- Founder: Terry Cameron
- Founded: 1999
- Dissolved: 31 December 2002
- Split from: Labor
- Youth wing: SA First Youth
- Membership: 500+
- SA Legislative Council: 1 / 21(1999–2002)

= SA First =

Former political party in South Australia

SA First, also known as South Australia First, was a South Australian political party formed in 1999 by dissident Labor MP Terry Cameron. The party contested the 2002 state election but failed to elect any candidates to the Parliament of South Australia.

==Ideology and policy==
SA First positioned itself as a pragmatic, centre-based political party which relied on policy initiatives drawn from the experience of its members and professionals. Its flagship was parliamentary reform, which advocated electoral reform, proportional representation, more sitting days and fewer political perks. It also formed a broad range of policy initiatives which were more or less moderate and liberal in their scope.

==Structure==
The structure of SA First consisted of local branches electing a governing State Conference, which in turn elected an administrative State Executive.

The Party was notable for allowing each MP a conscience vote on each piece of legislation before Parliament.

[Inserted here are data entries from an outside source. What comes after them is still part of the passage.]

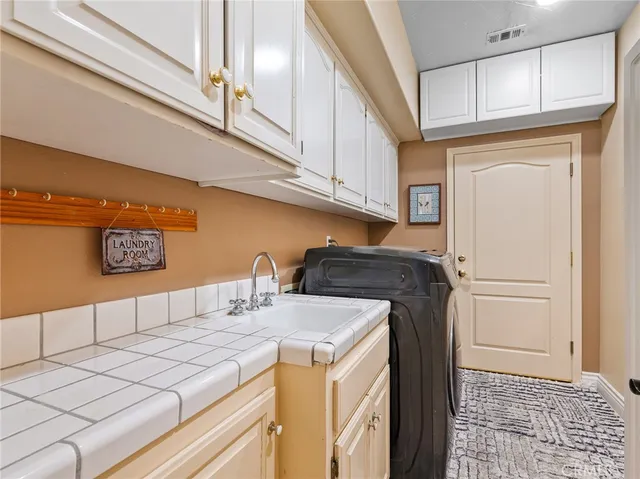 a living room with furniture fireplace and window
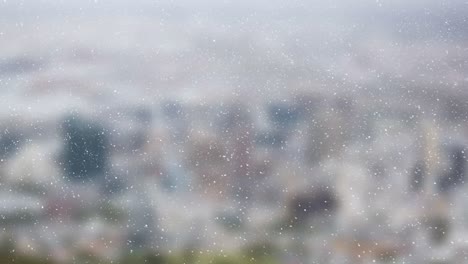 Animation-of-snow-falling-over-out-of-focus-cityscape-in-background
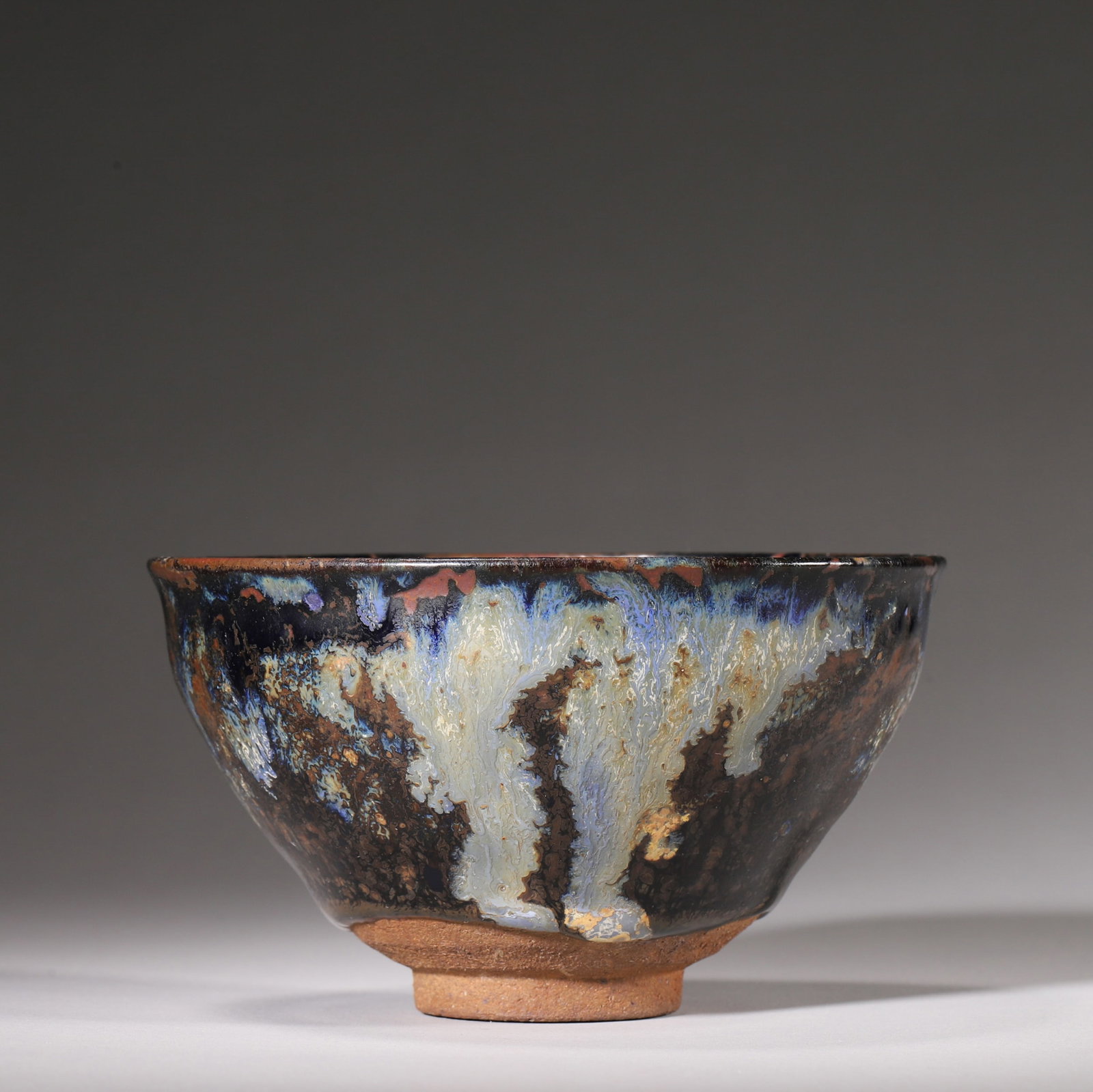 A VARIEGATED BLACK-GLAZED 'GONG YU' JIAN-STYLE TEA BOWL (1 of 7)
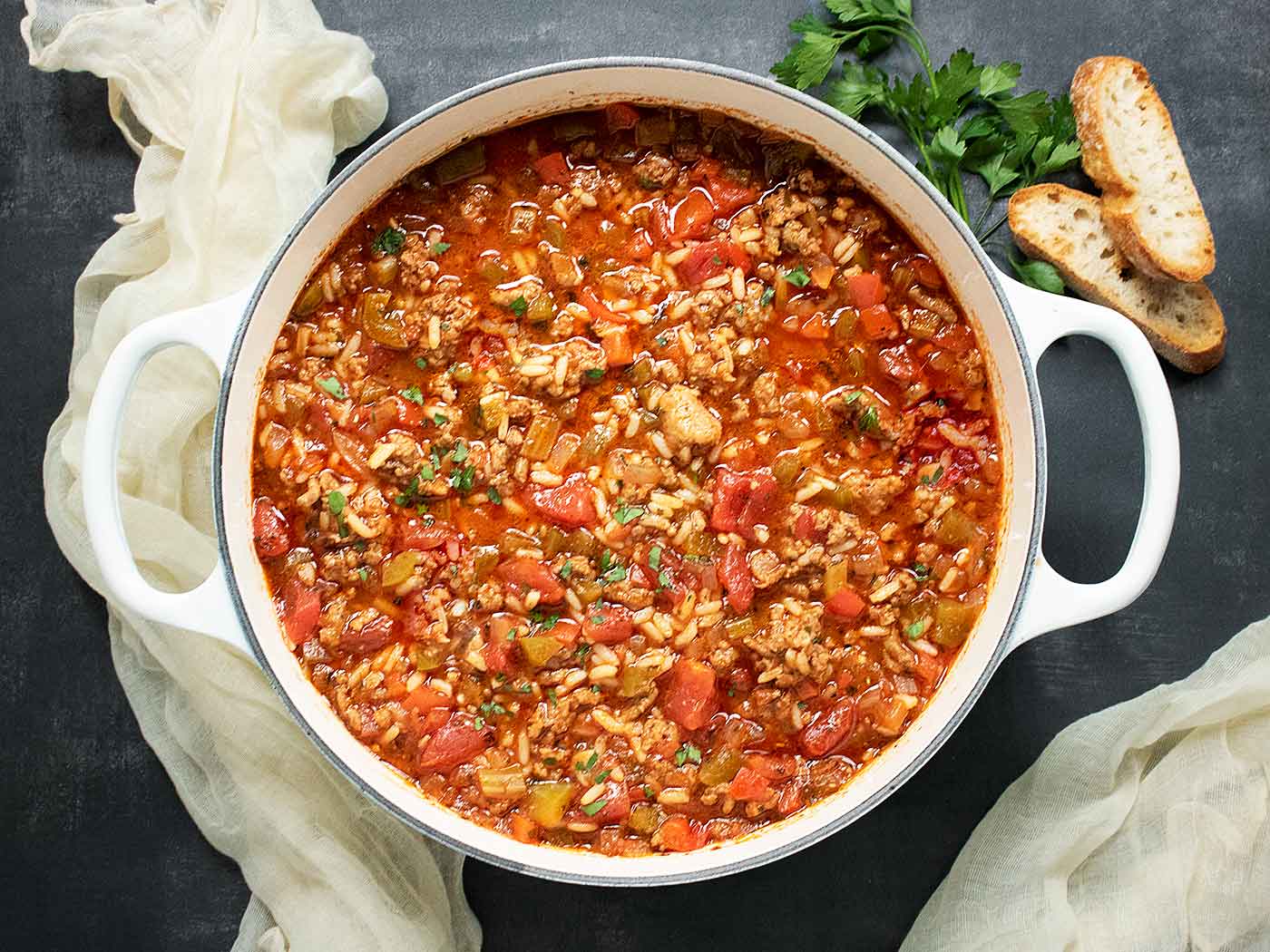 Photo from above of Stuffed Pepper Soup in a large white Dutch oven.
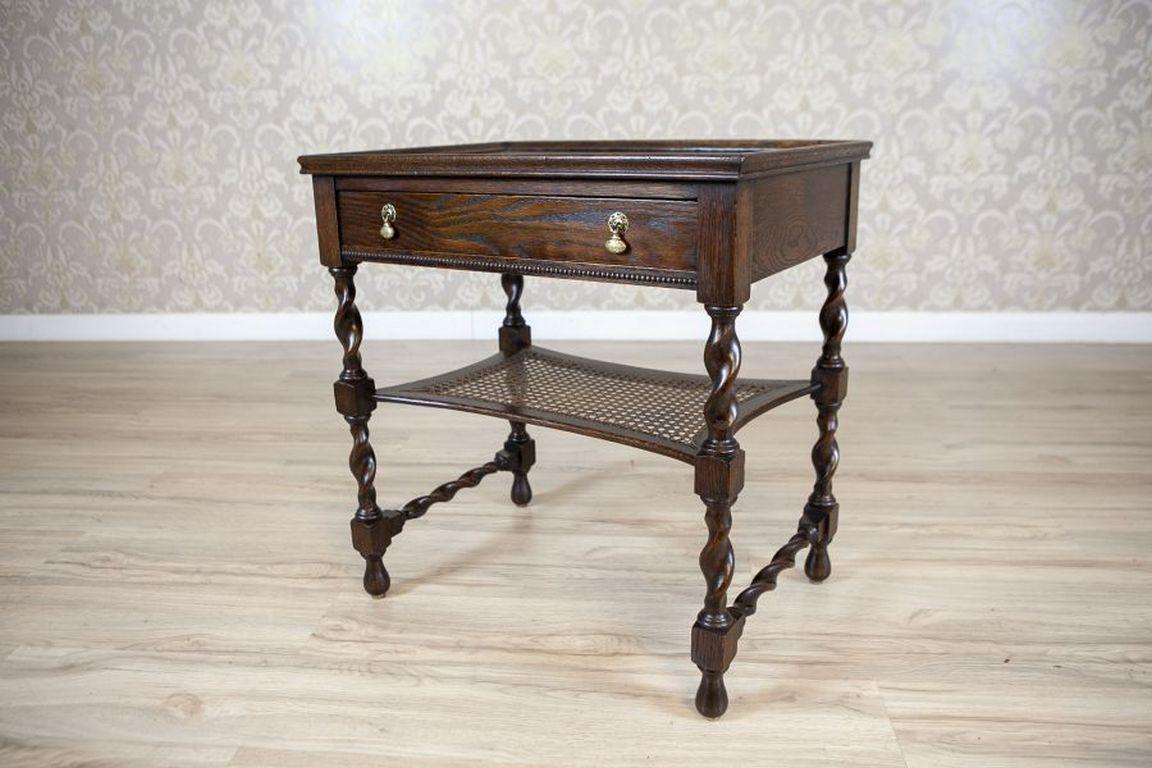 Oak Side Table From the 1930s in Dark Brown

An oak table from the Interwar Period, supported by spiral legs, reinforced in the middle with a rattan shelf, and with crosswise spiral connections at the bottom. The tabletop has an edge finished with a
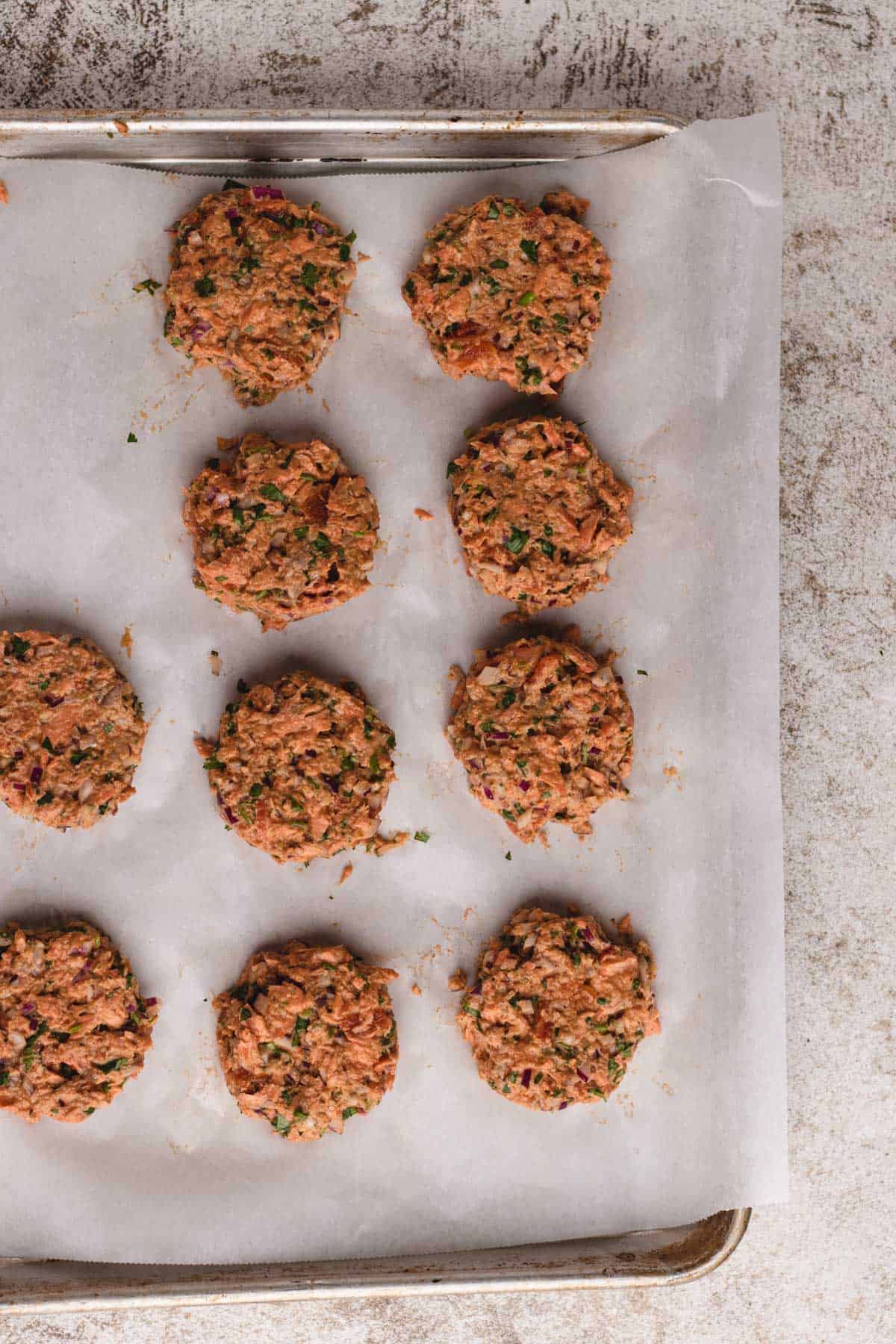 Formed salmon cakes on baking tray.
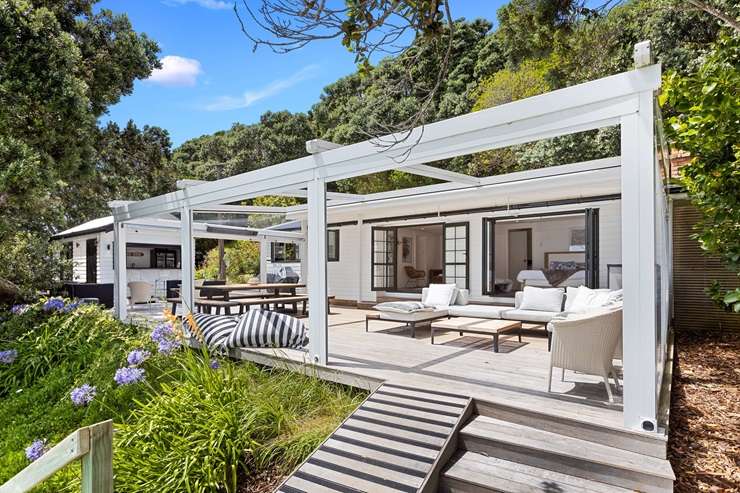 Kelly and Nathan Coe have listed their five-bedroom holiday escape at Te Kapa Inlet, in Mahurangi East. Photo / Supplied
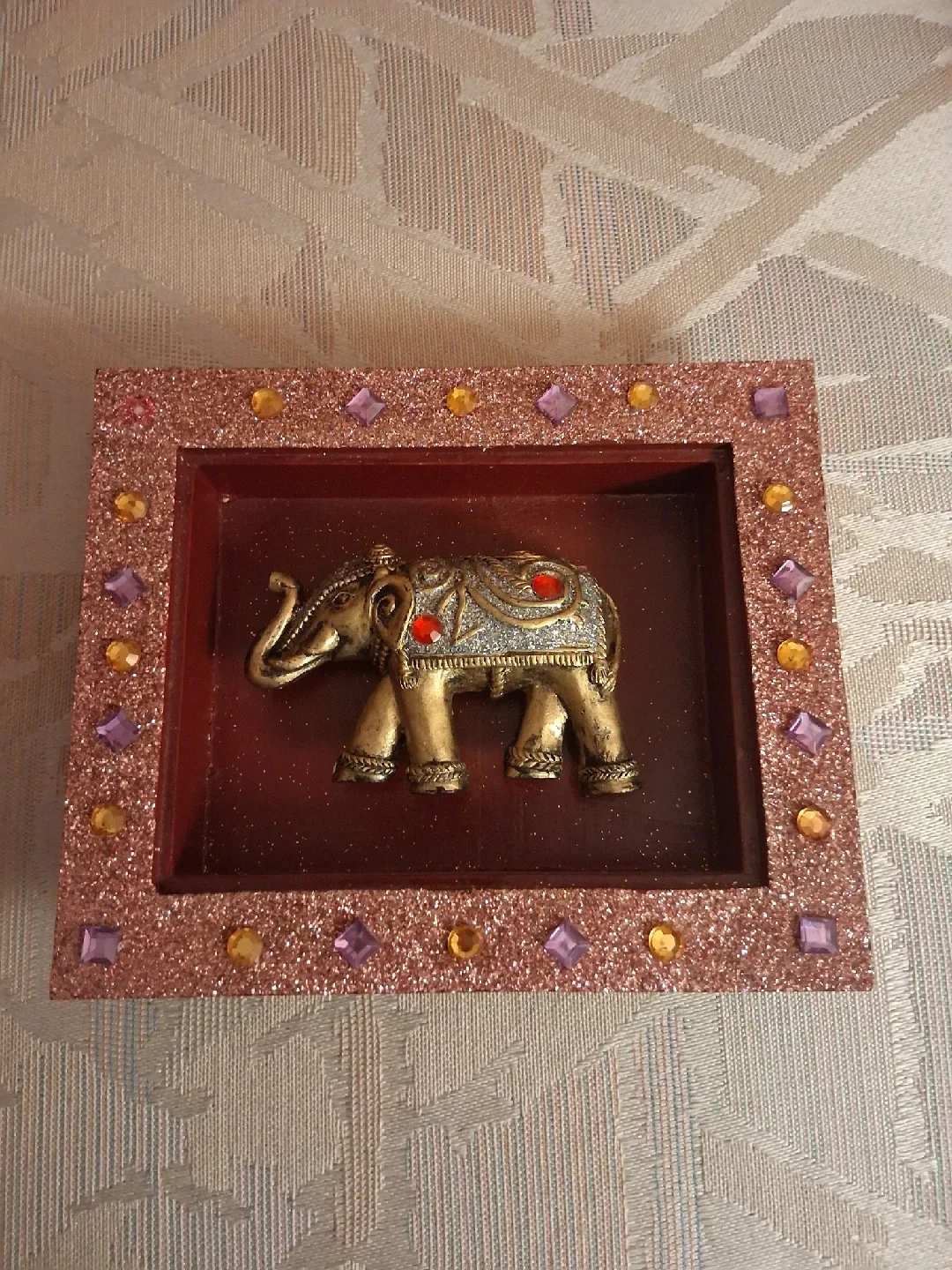 Decorative wall hanging frame featuring a 3D elephant figurine thumbnail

The annual State Conference consisted of delegates elected by the branches and was the governing body of the party, with the power to determine policy, preselect Upper House candidates and elect the State Executive.

The State Executive was an 11-member body elected largely by the Conference. There were positions of president, vice-president and state secretary, elected by a preferential majority of conference for a two-year term. It followed the Labor Party model of political power lying in the hands of the secretary rather than the president; the president directed debate and the state secretary directed the everyday operations of the party. There were six general members elected by proportional representation for a one-year term. The positions of Youth Representative and Parliamentary Leader were ex officio.

The state was divided up into branches, based around one to nine electorates. Each branch was allocated delegates to State Conference based on one delegate per 10 members (with a cap of 7 delegates to help prevent branch stacking or undue influence by one branch). Branches had an equal say in the preselection of candidates, with a 50% weighting of the vote with State Conference. (cf. Australian Labor Party where the branches have only a 25% weighting, and the Liberal Party where the SEC/FEC preselection college has a 100% weighting).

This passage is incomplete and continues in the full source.